### Task instructions:
Transcribe all of the records word for word, but omit the pictures.

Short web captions
━━━━━━━━━━
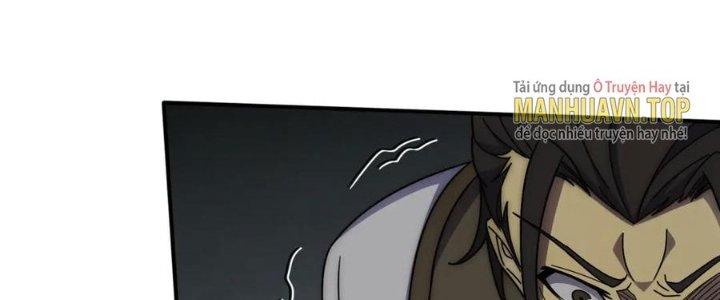 Mạt Thế Đạo Tặc Hành Chapter 130 - Trang 3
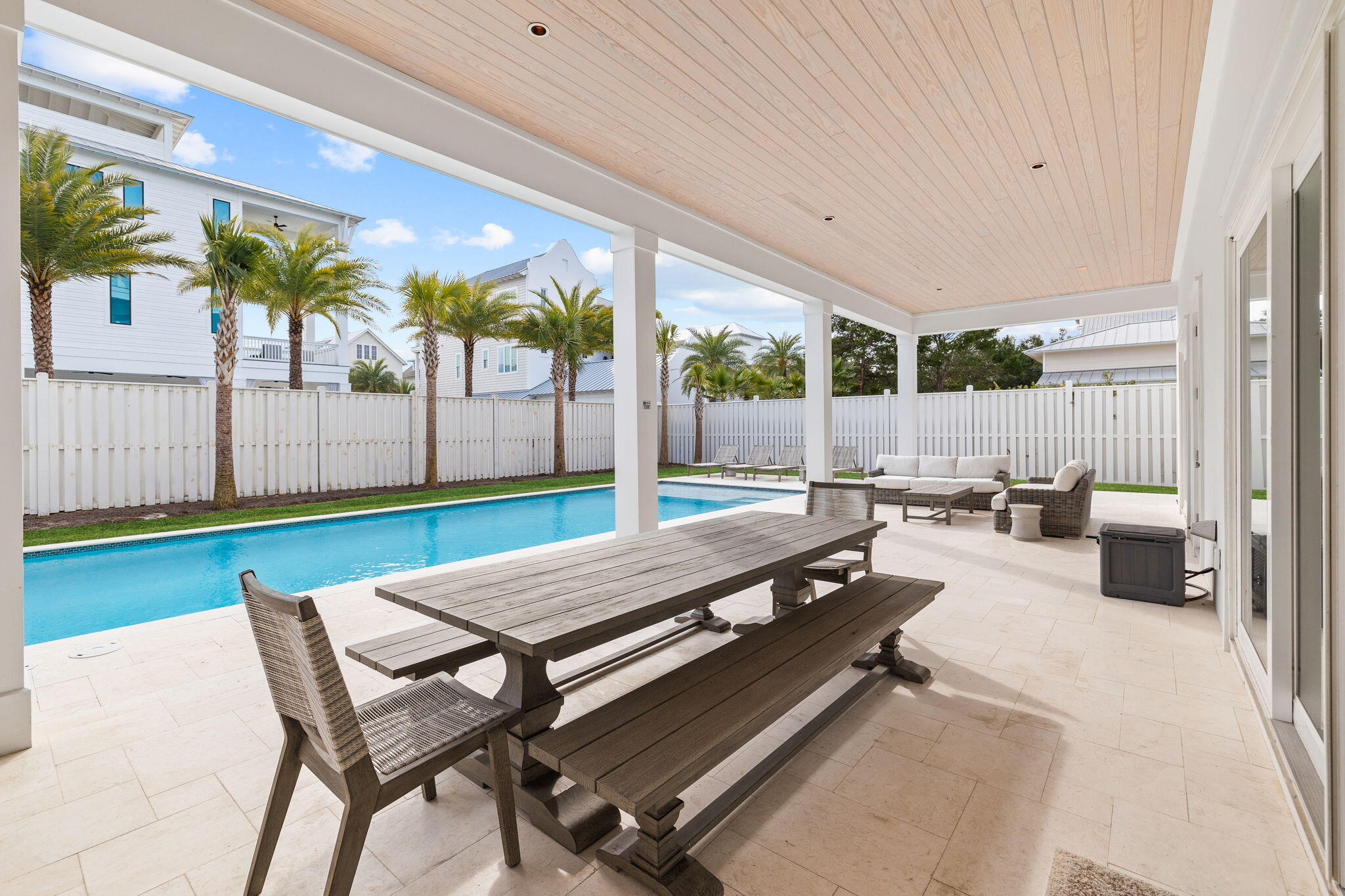 311 Walton Rose Lane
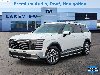 Pre-Owned 2026 Hyundai Palisade Hybrid SEL Premium 7P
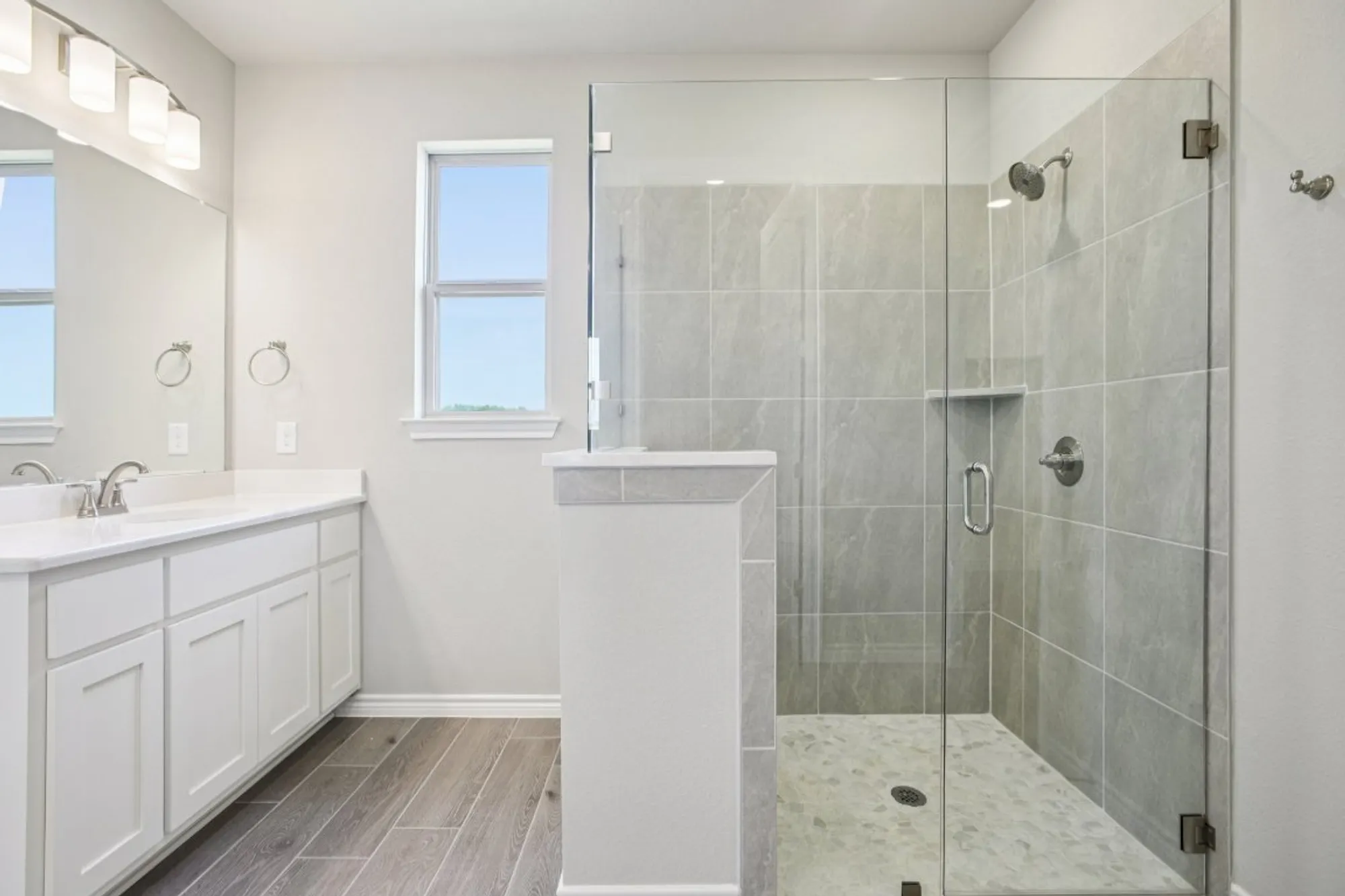 Property Slideshow image 15 of 26 | 132 antoinette way, San Marcos, TX, 78666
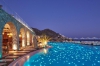 sejur Grecia - Hotel Royal Myconian - Leading Of The World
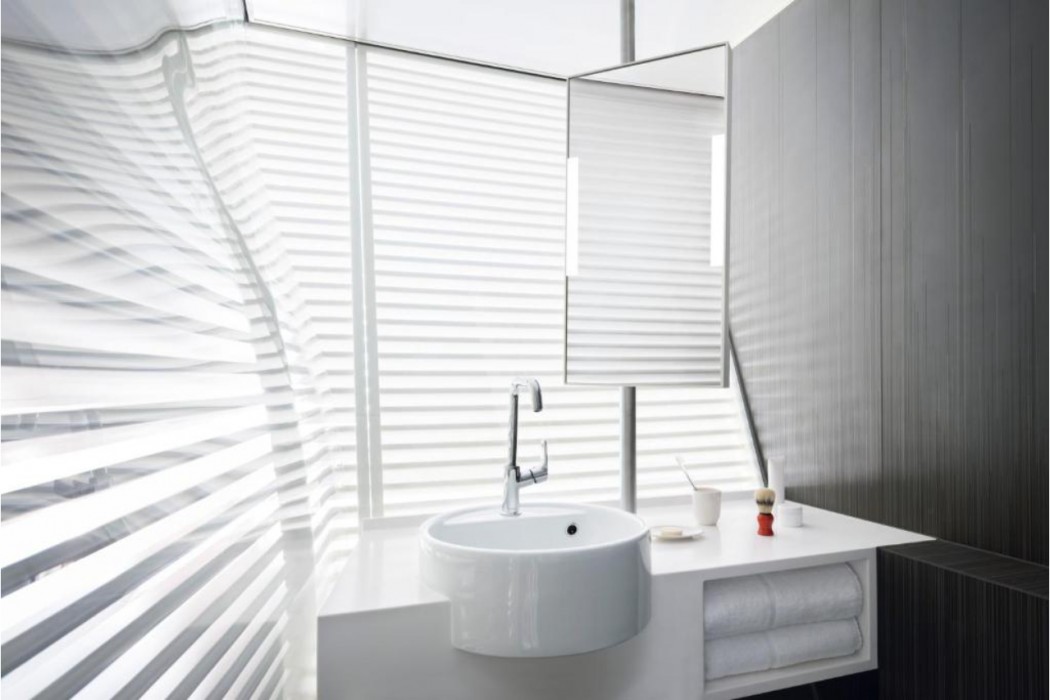 Okko Hotels Strasbourg Centre 15/46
━━━━━━━━━━
### Exercise output:
 Mạt Thế Đạo Tặc Hành Chapter 130 - Trang 3
 311 Walton Rose Lane
 Pre-Owned 2026 Hyundai Palisade Hybrid SEL Premium 7P
 Property Slideshow image 15 of 26 | 132 antoinette way, San Marcos, TX, 78666
 sejur Grecia - Hotel Royal Myconian - Leading Of The World
 Okko Hotels Strasbourg Centre 15/46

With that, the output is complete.